Pop quiz: A customer lost power to one of their FAS controllers that is in an active/active pair, and with that, the LUNs attached to thier Hyper-V server went away. The envronment is such that nothing was lost and we are able to troubleshoot the situation on why it happend. That said, I preformed a cf takeover (then cf giveback) to see if the same thing happend on a graceful hand-off. The results were as one would expect when things are setup properly, the LUN remained online and visible to the server through the activity.
So my question, why on a dirty shut-down did they lose connectivity to thier LUN? I am going to be troubleshooting onsite tomorrow so any suggestion would be welcome.
Nice one - I like it!
So, let's start with this question: is it a relatively modern version of ONTAP, or an ancient one? Is FCP run in a single_image mode? If that's the case, then this simply should not happen - controller failure is an equivalent of path failover (if everything is set properly).
Let's just say, they were "testing a theory!" 🙂
So the FAS' are running 8.0.2 7-mode. It was my understanding that single_image was the default mode of 8.x+. I'll double check tomorrow. As for the protocol, it is iSCSI over 10GbE.

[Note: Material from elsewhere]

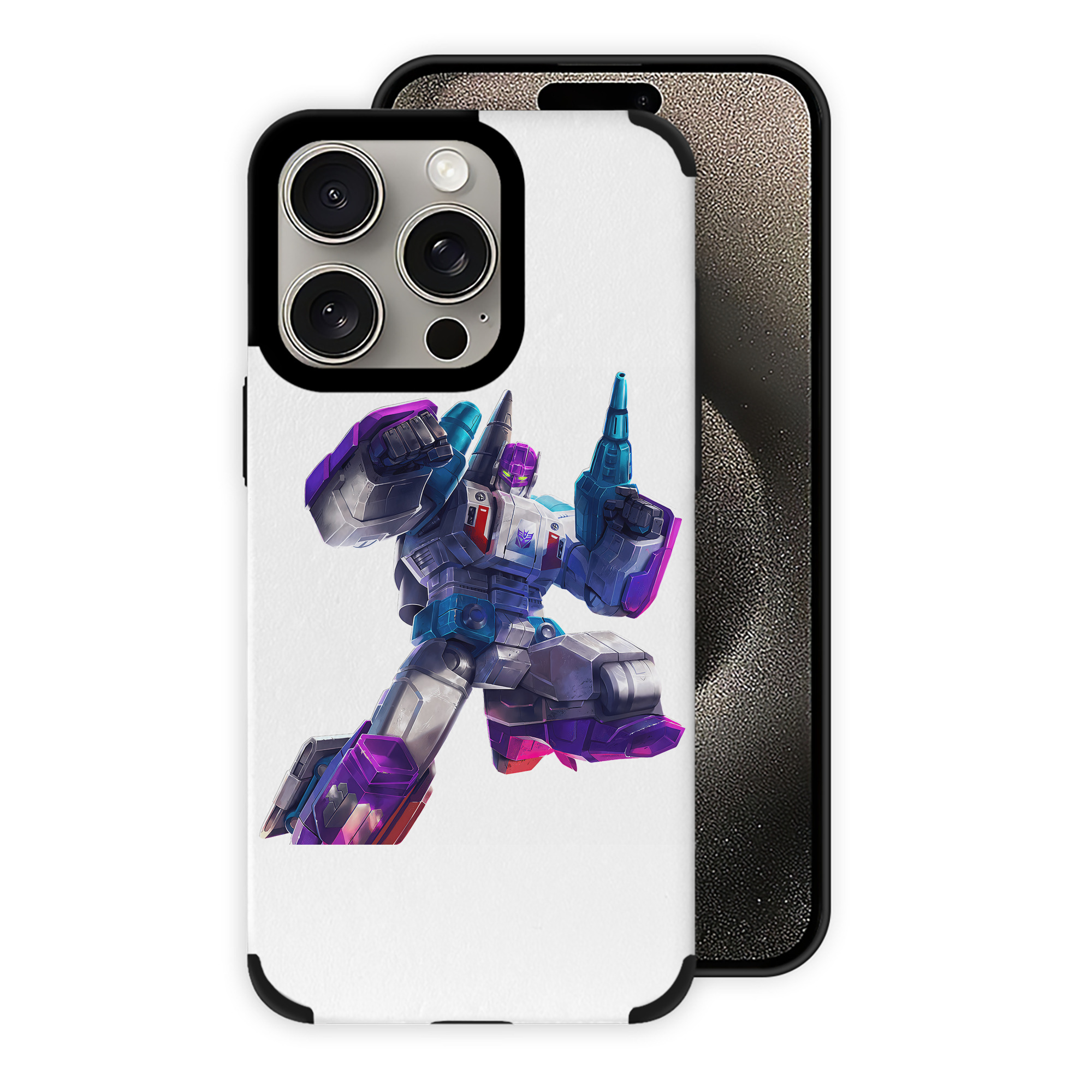 （画像用） Transformers トランスフォーマー 【iPhone15ProMax対応】 PUレザー スマホケース 耐衝撃＆黄変防止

Me bad - I automatically assumed LUN equals FCP!
Single_image cfmode is FCP specific & irrelevant for iSCSI (and it's actually default since 7.2).
What are disk timeouts on the hosts? Unplanned takeover will presumably take longer than a clean one - this may explain the difference in observed behaviour.
@Radek, I'll have to check the timeout settings.
@Pascal, a failover did take place. A controller power outtage was all that occurred. The shelves stayed powered and disk multipathis set up properly.
What else did they do during the outage?
Its seems strange I'll give you that. Was Iscsi licenced on both controllers, and patched correctly? Did they test CFO during initial setup of this HyperV environment? do they have the ontap DSM installed and snapdrive? how many luns and how many hyperV hosts are involved?
Did you grab the logs and ASUPs from this event? did they help trouble shoot this?